Alicia Matz ’14, a Ph.D. student in classics at Boston University, is co-editor of a special issue of the journal Thersites on “There and Back Again: Tolkien and the Greco-Roman World.” Thersites bills itself as the “journal for transcultural presences and diachronic identities from antiquity to date.” Matz also contributed an essay to the issue, on “Ents, Sacred Groves, and the Cost of Descration.” Kathryn Stutz ’18, a Ph.D. student in classics at Johns Hopkins University, also contributed a paper to the issue, on “G.B. Smith’s ‘Elzevir Cicero’ and the Construction of Queer Immortality in Tolkien’s Mythopoeia.”

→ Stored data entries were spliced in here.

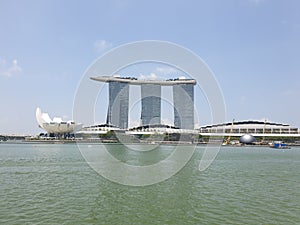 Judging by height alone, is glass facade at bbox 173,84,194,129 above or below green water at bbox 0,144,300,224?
above

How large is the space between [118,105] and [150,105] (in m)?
Answer: 9.68

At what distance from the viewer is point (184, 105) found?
6956cm

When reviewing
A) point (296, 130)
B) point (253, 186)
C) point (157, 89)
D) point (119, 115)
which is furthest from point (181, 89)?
point (253, 186)

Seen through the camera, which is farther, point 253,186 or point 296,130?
point 296,130

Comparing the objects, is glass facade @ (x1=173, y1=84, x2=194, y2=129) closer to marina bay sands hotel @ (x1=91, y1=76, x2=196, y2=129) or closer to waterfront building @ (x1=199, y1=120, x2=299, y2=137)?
marina bay sands hotel @ (x1=91, y1=76, x2=196, y2=129)

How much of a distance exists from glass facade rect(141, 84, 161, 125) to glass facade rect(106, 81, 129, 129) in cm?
539

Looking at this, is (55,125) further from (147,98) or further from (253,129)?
(253,129)

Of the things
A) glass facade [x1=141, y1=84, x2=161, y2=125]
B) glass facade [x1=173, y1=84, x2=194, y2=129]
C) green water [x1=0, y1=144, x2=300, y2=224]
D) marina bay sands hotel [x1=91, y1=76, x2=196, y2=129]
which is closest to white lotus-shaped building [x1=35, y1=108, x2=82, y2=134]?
marina bay sands hotel [x1=91, y1=76, x2=196, y2=129]

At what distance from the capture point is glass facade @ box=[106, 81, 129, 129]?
85069mm

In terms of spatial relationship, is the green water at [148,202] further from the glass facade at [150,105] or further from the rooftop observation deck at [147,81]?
the glass facade at [150,105]

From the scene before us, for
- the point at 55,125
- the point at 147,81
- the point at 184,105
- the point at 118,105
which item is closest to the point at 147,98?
the point at 147,81

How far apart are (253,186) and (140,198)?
4.62 meters

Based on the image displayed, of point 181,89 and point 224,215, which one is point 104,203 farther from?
point 181,89

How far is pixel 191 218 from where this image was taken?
632cm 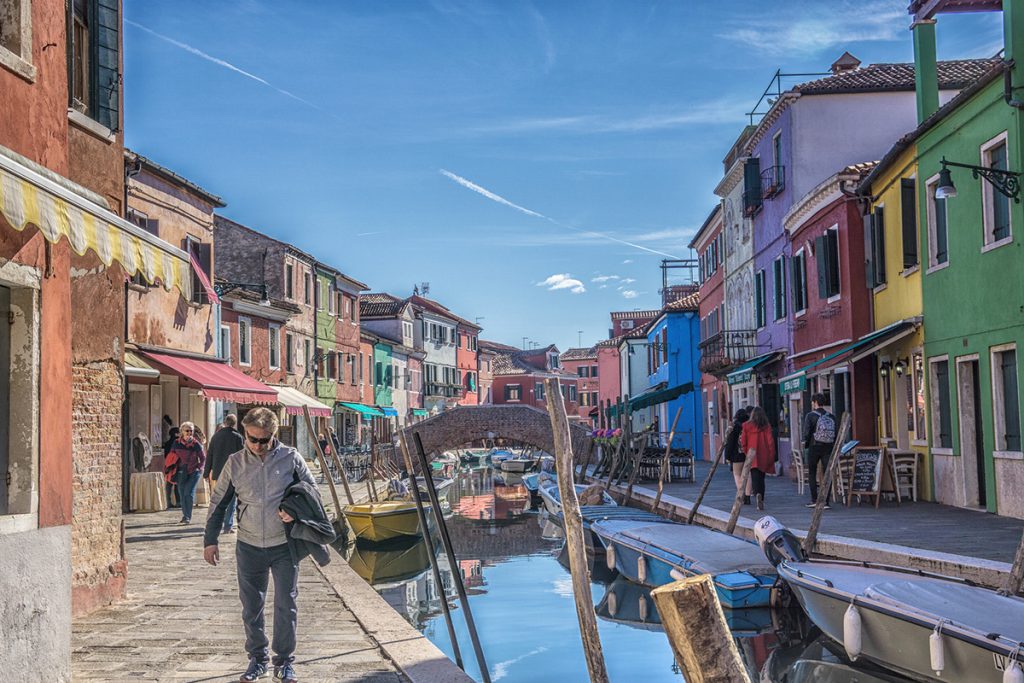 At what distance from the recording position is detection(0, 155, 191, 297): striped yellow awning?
193 inches

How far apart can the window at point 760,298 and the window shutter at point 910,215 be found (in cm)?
1077

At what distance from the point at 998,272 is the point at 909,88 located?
1122 cm

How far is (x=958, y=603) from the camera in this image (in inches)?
306

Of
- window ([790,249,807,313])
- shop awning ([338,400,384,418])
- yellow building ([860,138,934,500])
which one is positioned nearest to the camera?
yellow building ([860,138,934,500])

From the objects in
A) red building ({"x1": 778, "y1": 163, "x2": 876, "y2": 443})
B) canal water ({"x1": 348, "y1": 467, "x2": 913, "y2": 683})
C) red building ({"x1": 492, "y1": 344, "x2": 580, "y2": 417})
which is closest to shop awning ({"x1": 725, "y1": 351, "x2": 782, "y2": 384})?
red building ({"x1": 778, "y1": 163, "x2": 876, "y2": 443})

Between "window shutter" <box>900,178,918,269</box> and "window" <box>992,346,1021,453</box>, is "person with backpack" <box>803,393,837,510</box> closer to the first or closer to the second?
"window" <box>992,346,1021,453</box>

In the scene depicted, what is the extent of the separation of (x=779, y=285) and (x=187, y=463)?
49.6 ft

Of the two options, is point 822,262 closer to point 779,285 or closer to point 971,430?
point 779,285

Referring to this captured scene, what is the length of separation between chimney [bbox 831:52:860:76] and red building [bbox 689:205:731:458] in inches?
298

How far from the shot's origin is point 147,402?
21.5 meters

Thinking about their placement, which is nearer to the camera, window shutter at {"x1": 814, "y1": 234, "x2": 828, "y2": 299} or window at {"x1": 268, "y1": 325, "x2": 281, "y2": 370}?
window shutter at {"x1": 814, "y1": 234, "x2": 828, "y2": 299}

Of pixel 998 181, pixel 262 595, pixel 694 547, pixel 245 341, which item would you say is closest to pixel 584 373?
pixel 245 341

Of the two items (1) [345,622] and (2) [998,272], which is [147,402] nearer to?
(1) [345,622]

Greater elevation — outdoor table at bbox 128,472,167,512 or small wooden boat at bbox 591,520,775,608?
outdoor table at bbox 128,472,167,512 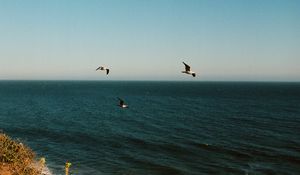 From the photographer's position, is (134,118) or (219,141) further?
(134,118)

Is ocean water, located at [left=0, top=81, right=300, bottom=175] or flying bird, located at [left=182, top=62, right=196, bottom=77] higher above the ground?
flying bird, located at [left=182, top=62, right=196, bottom=77]

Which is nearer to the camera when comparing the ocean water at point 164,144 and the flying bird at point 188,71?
the flying bird at point 188,71

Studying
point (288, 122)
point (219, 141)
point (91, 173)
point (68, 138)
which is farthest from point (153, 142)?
point (288, 122)

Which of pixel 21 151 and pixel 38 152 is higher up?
pixel 21 151

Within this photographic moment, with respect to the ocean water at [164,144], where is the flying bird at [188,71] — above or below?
above

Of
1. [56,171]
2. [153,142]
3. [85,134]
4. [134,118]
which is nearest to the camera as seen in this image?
[56,171]

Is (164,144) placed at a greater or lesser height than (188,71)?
lesser

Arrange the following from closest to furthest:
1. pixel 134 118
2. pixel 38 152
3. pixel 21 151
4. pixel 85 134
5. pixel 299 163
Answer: pixel 21 151, pixel 299 163, pixel 38 152, pixel 85 134, pixel 134 118

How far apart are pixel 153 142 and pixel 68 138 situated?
1511 centimetres

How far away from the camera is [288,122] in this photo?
8231cm

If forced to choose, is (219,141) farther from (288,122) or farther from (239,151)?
(288,122)

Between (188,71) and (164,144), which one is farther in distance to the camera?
(164,144)

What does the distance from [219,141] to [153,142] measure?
1109 centimetres

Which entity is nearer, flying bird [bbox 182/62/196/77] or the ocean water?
flying bird [bbox 182/62/196/77] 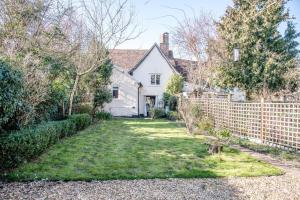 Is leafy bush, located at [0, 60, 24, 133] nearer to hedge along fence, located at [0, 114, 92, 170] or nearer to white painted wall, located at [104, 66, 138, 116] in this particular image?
hedge along fence, located at [0, 114, 92, 170]

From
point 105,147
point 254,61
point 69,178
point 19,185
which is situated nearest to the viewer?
point 19,185

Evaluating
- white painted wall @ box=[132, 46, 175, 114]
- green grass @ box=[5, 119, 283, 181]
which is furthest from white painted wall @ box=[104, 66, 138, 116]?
green grass @ box=[5, 119, 283, 181]

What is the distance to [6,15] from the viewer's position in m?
12.6

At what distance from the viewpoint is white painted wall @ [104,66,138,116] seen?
31.1 meters

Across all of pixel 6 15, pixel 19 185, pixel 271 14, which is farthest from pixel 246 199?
pixel 271 14

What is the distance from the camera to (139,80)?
108 feet

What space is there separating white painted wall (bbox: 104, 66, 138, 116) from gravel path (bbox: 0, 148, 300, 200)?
24.3 metres

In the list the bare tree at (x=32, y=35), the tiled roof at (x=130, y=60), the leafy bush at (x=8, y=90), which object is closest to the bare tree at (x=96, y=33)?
the bare tree at (x=32, y=35)

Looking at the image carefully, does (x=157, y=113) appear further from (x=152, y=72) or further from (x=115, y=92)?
(x=152, y=72)

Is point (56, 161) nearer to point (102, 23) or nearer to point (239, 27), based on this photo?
point (102, 23)

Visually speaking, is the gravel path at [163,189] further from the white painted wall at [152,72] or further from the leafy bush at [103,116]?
the white painted wall at [152,72]

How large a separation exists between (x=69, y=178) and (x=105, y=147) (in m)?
4.69

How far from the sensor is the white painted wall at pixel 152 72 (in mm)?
32750

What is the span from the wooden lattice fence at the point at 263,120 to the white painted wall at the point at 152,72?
15.2 meters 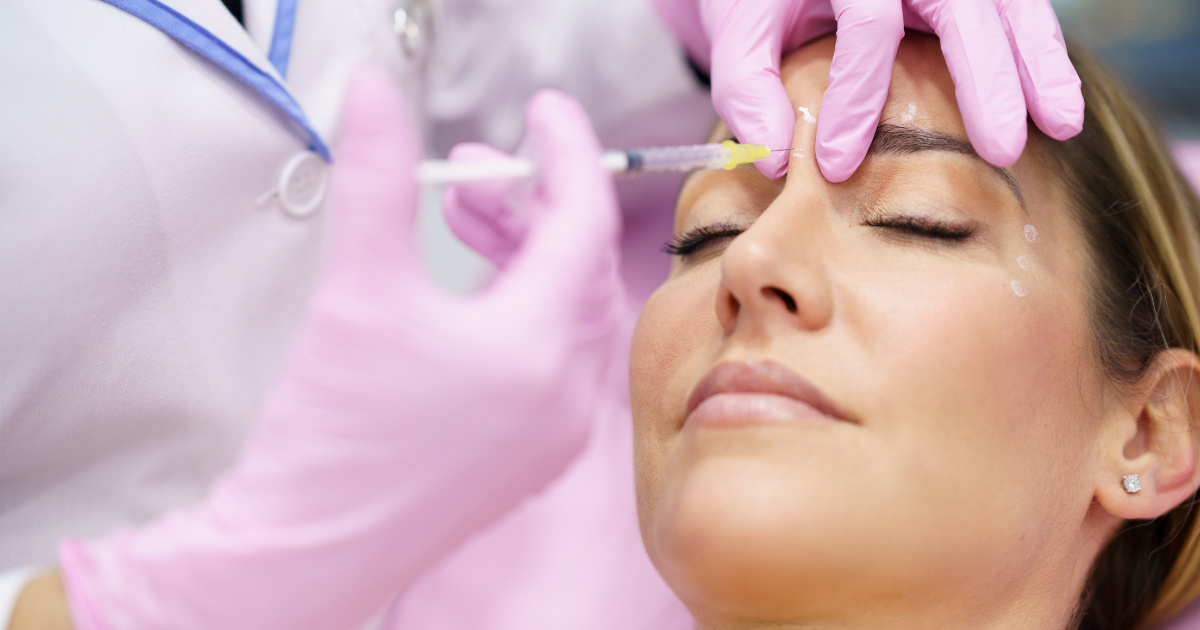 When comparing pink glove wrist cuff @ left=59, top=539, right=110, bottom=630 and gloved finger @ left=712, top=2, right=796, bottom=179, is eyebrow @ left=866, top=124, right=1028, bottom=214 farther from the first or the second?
pink glove wrist cuff @ left=59, top=539, right=110, bottom=630

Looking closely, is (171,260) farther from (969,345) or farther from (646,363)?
(969,345)

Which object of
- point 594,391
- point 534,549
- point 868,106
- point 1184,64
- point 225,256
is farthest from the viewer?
point 1184,64

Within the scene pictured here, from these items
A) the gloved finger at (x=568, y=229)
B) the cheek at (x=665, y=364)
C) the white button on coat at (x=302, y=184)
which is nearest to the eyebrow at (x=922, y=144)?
the cheek at (x=665, y=364)

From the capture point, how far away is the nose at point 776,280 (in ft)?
2.58

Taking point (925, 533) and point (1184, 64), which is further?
point (1184, 64)

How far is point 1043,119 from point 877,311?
0.96 ft

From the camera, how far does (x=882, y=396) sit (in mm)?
764

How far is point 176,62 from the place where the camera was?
3.13ft

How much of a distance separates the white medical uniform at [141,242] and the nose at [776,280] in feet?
1.76

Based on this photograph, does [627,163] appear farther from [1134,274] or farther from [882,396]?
[1134,274]

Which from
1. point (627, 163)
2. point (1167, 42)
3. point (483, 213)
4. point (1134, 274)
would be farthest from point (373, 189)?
point (1167, 42)

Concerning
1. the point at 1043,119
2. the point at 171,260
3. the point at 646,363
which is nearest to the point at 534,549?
the point at 646,363

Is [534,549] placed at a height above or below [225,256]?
below

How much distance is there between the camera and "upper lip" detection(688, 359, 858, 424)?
2.52 ft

Zachary Hamilton ’15, who graduated with a degree in violin performance, released a new EP, You’re My Favorite. The short album includes an arrangement and accompanying video of the Scottish folk song “Loch Lomond,” which he wrote and performed for his senior recital. Zachary, who also has a master’s degree in viola from the Royal Conservatoire of The Hague, in the Netherlands, released a viola cover of comedian Bo Burnham’s comedy bit/song “Can’t Handle This (Kanye Rant).” Website: zacharyhamiltonmusic.com.
Michellie Hess ’16 graduated in November from the University of Glasgow in Scotland with a master’s degree in political communications. At Puget Sound, she was a politics and government major with a minor in French.